Trent did not materially breach his cooperation agreement. Appellant’s Br. 24–

25. We have never held that a defendant does not breach his cooperation

4 agreement by lying if he has good reasons for doing so. Indeed, such a holding

would undermine the utility of cooperation agreements by casting doubt on useful

testimony by cooperators. Moreover, the Government secured a conviction

without Trent’s testimony because his false testimony “so undercut his credibility”

that the Government could not use him as a witness in the defendant’s subsequent

retrial. See United States v. Fernandez, 127 F.3d 277, 286 (2d Cir. 1997). The

Government was therefore plainly “within its rights in refusing to move for a

downward sentencing departure” on Trent’s behalf. Brechner, 99 F.3d at 100.

II. Due Process

Trent also argues that he was entitled to an evidentiary hearing on the

Government’s bad faith, and that the district court violated his due process rights

when it declined to hold one. Again, we disagree.

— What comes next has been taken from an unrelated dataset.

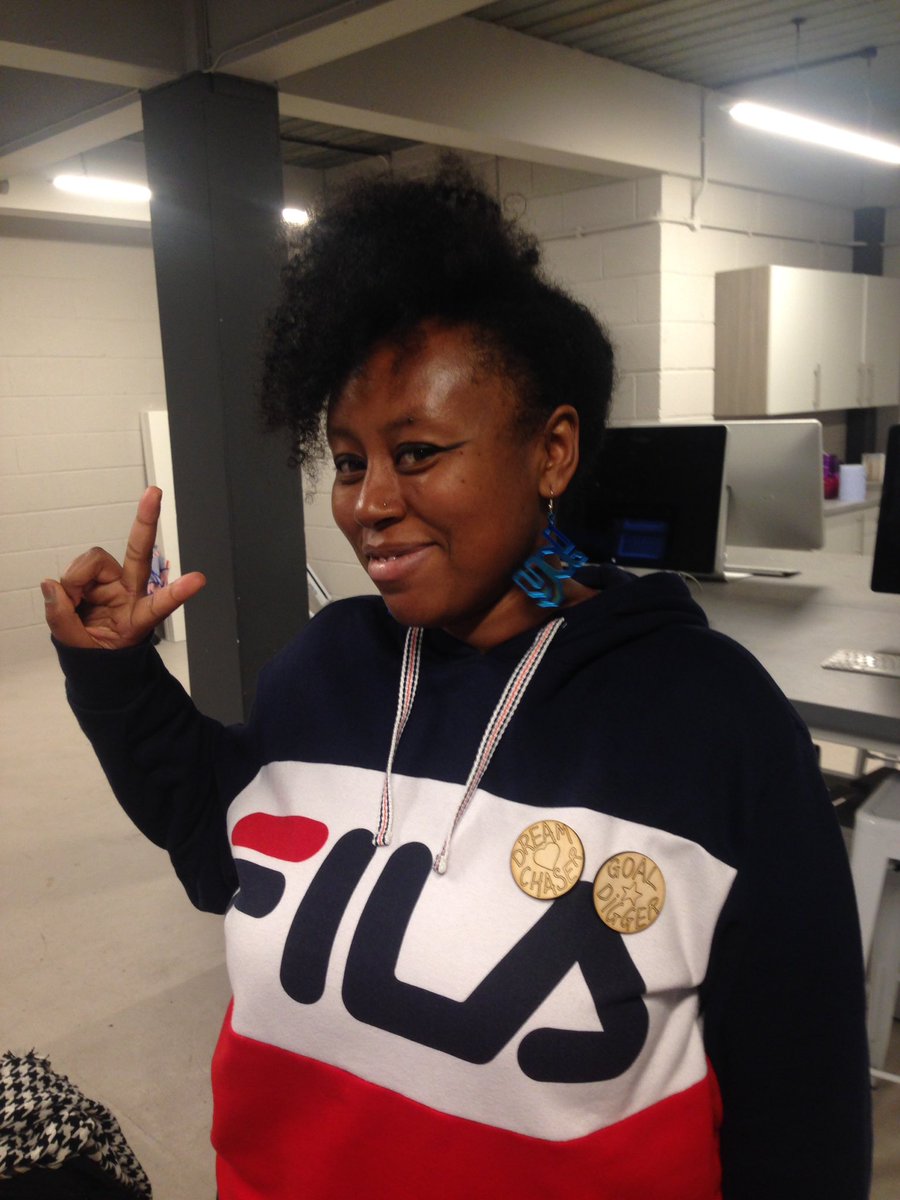 wonderhaus_UK's tweet photo. Nadina being all kinds of SWAG at today's @madlabuk event for @craftscouncil #makeshiftdo wearing her laser cut brooches. https://t.co/aB5yGwFvVV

The Khan procedure determines whether a hearing on bad faith is

“necessary” in the district court. United States v. Knights, 968 F.2d 1483, 1487 (2d

Cir. 1992) (citing United States v. Khan, 920 F.2d 1100, 1106 (2d Cir. 1990)). Under

that procedure, a hearing is only required if, after the Government gives its reasons

for refusing to make a § 3553(e) motion, the defendant makes “a showing of bad

faith sufficient to trigger” one. Khan, 920 F.2d at 1106.

5 Trent did not. After Trent asserted that the Government was acting in bad

faith, the Government submitted a copy of Trent’s cooperation agreement, a

transcript of Trent’s false testimony, a federal agent’s handwritten notes

documenting Trent’s admission to that false testimony, and a letter disclosing that

false testimony to defense counsel in the underlying murder trial. The district

court correctly held that Trent’s response to the Government’s explanation, which

in no way undermined Trent’s own admission to lying under oath, did little to

“place the issue of the prosecutor’s good faith reasonably in dispute.” Id. at 1102.

The fact that the district court initially “promised” Trent an evidentiary

hearing does not change the analysis.